I crushed Savannah to me, and she threw her arms around my shoulders. We held each other for a long time, soft, hot tears running from our eyes. I said, “Let’s go and let her sleep in peace.” Hand in hand, we pulled up chairs around the kitchen table.

I said, “Reckon it made me pretty mad, trying to forget you were there. Should have come over and tried again. Now that I think of it, I should have never quit trying. Because, the truth is, there’s nothing you could do that I couldn’t forgive.”

“I’ve been stubborn.”

“It’s a family trait. It’s not really fall, yet, is it? For us, maybe, just sum-men

“Oh, I don’t know. End of July at least. Maybe mine’s August, ‘cause I’m older.” We both smiled. After a pat of my hand she said, “Those chickens laying?

“Maldonado’s men killed ‘em. Salt mixed in their feed. Salted Udell’s garden, too, but I think we saved it. Yours?”

“That heathen! No wonder they didn’t make a sound as we crossed the yard. Well, that kept us safe, at least. Tomorrow I’ll bring more.”

“Not until we settle this feud.”

Savannah fiddled with a dishrag that had been laid crosswise upon another one, atop her basket from home. She straightened and folded it then, and set it on the stack, making all the corners meet perfectly straight. Then she sighed and said, “Mary Pearl does have to go her own way. Despite all my trying to keep her in rag curlers and pinafores, she’s become a woman.”

“What changed your mind about her, Savannah? What Albert said?”

“No. I finally read the papers she’s sent from the college. I felt cut to the bone. I’d been so wrong about Wheaton School. It is not a cesspool of bohemians. Everything they stand for is the highest virtue. It’s a place my own mother would have wished for me. The sorry thing is, I went harsh on you for giving her the head it takes to grow up.”

“Well, I did tell them to go to school. Your children are the ones who listened. My own don’t care a hoot.”

She smiled. Fresh tears squeezed from her eyes. She pulled that dishrag from the basket and refolded it, in thirds this time. “It’s all gone so fast. There are only the two boys left at home. Know what Zachary told me? He’s determined to become an aviator. He said that a real flying machine was going to stop in Tucson someday and he’s going to get on it and sail up into the sky and look out on top of the clouds. Lands, I hope I’m in my grave first. I couldn’t bear knowing he was up there.”

I waited a few minutes, then I said, “Well, I am sorry I didn’t tell you about her writing to that Wheaton place, after all.”

“No, no. You were sick. You forgot. I just didn’t want to hear it.
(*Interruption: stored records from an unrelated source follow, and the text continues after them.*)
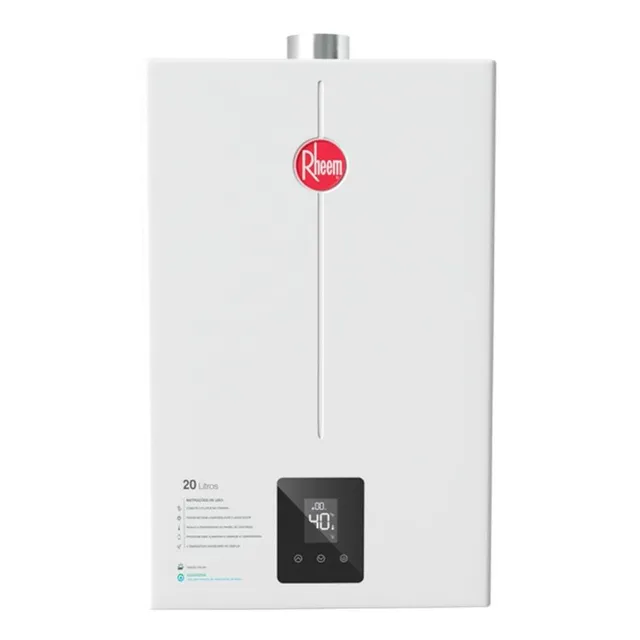 Aquecedor A Gás Digital Rheem 20 Litros Gn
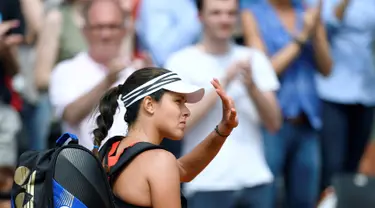 Mantan petenis nomor satu dunia dan juara Prancis Terbuka 2008, Ana Ivanovic, mengumumkan diri untuk mengakhiri karir 13 tahun mengesankan di dunia tenis. (MARTIN BUREAU/AFP)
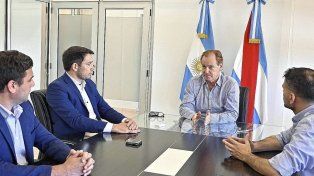 Gustavo Bordet recibió a intendentes reelectos
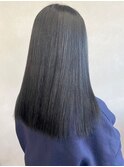 暗髪透明感カラーブルーブラック＊髪質改善艶髪ストレート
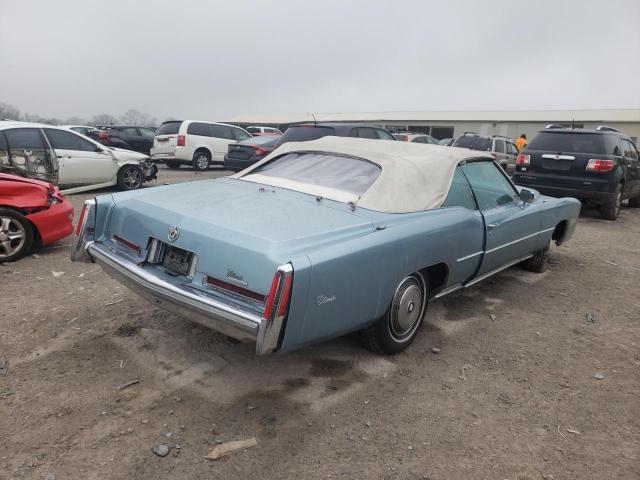 6L67S6Q141645 - 1976 CADILLAC EL DORADO BLUE photo 3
It had seemed just like Esther, writing secret letters to that man.”

Savannah and Albert’s girl Esther had fallen in love over some letters and poems from a boy who delivered them every night by way of a ladder and a rosebush. When I look back on it now, it was not much different than my April running away with Morris. But Esther and Polinar ran into trouble, not into town. Morris had done fine by my April, and she by him. There was no reasoning out why one had gone so well and one so bad. I said, “Polinar was only twenty years old, honey, and he got murdered, too. It wasn’t
his
fault, either. They fell into a terrible fix.”

Savannah nodded. “I’m hungry,” she said. “Are you hungry?”

“Well, coffee’s made. We could cut some bread. It’ll be daylight soon.”

“I brought pie, too. We could eat that.” She fished into that basket and pretty soon we cut up the pecan pie that had been packed under the loaf of bread. I poured coffee and milk into cups. “This is no temperance pie. It’s got two drams of vanilla in it.”

“Why, Savannah!” I sniffed at the pie. “It’ll be intoxicating!”

“I do love the taste.”

I laughed. So did she. Then she burst into tears and flung herself on my neck, and we both had a good, long, crying hug. Afterward, we went back to eating our pie, all crunchy and runny at the same time. Savannah said, “Sarah, I’ve missed you so. Then when we heard the shooting I got so terribly afraid! Afraid I’d lose you without ever telling you how sorry I was. Granny was right about that other, too. Last year when I thought I was going to have a baby, it wasn’t anything but the change. Comes on you slow like that. Now things are back to normal, and then sometimes not.”

“But you’re not crazy.”

“I hope not. Touchy some. I was always afraid I’d end up like—”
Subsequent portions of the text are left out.